Image-caption web data:
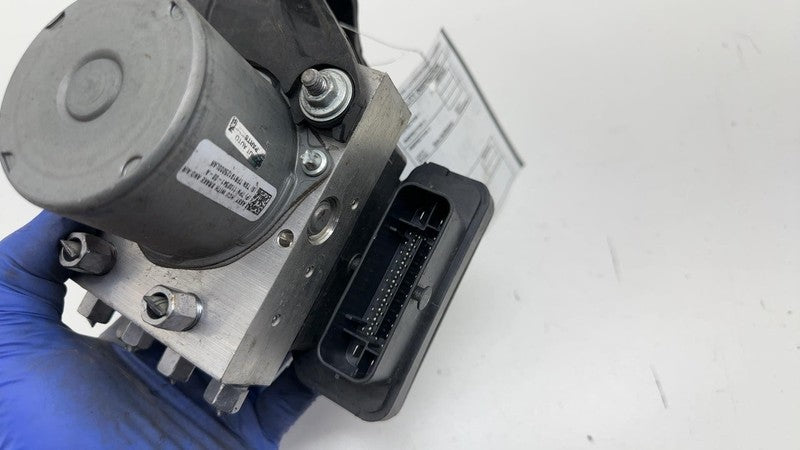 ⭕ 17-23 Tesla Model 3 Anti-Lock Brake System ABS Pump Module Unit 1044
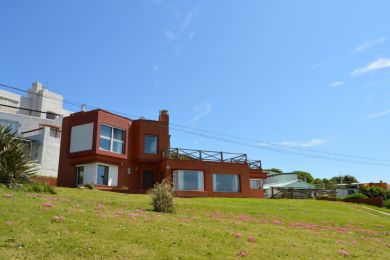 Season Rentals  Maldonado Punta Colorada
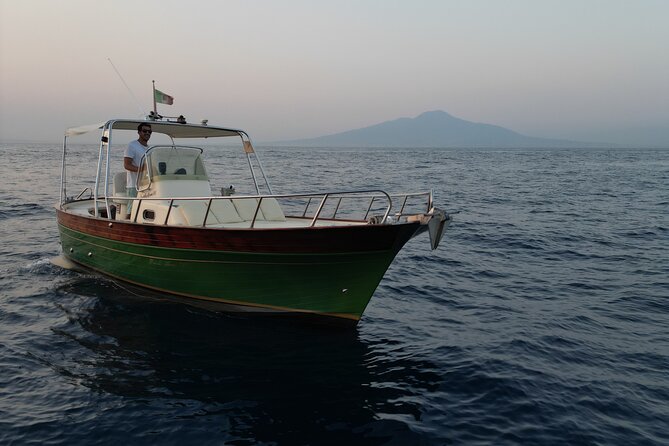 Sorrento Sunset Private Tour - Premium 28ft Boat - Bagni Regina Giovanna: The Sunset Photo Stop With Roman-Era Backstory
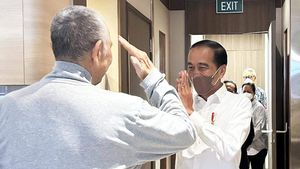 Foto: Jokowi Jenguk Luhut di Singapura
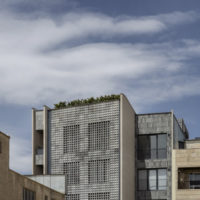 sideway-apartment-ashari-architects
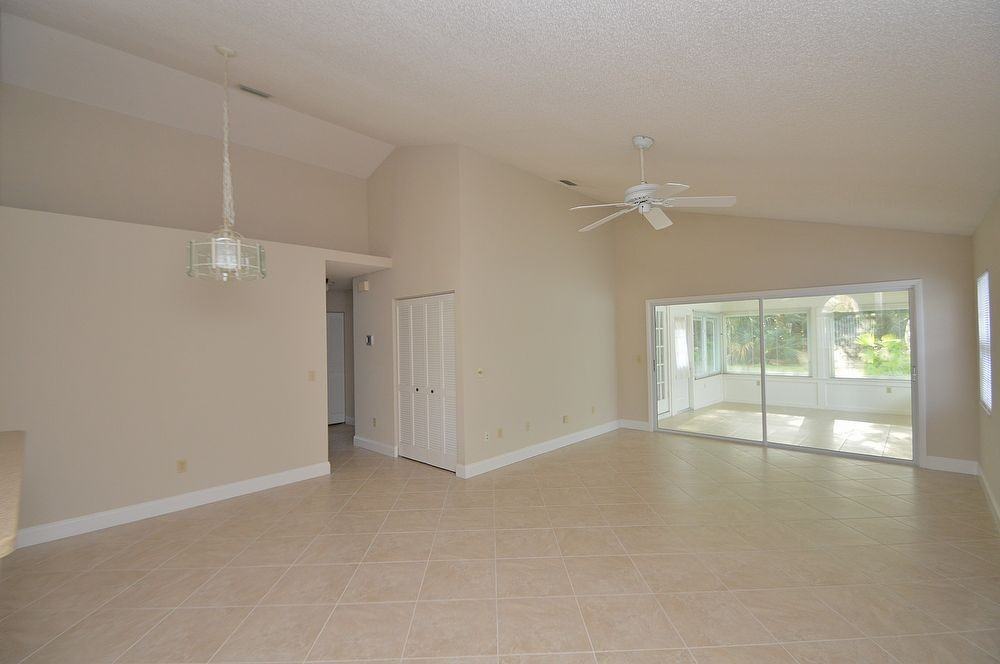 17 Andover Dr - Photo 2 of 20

Assignment:
Every record above must be repeated exactly, with the pictures dropped.

Result of the task:
 ⭕ 17-23 Tesla Model 3 Anti-Lock Brake System ABS Pump Module Unit 1044
 Season Rentals  Maldonado Punta Colorada
 Sorrento Sunset Private Tour - Premium 28ft Boat - Bagni Regina Giovanna: The Sunset Photo Stop With Roman-Era Backstory
 Foto: Jokowi Jenguk Luhut di Singapura
 sideway-apartment-ashari-architects
 17 Andover Dr - Photo 2 of 20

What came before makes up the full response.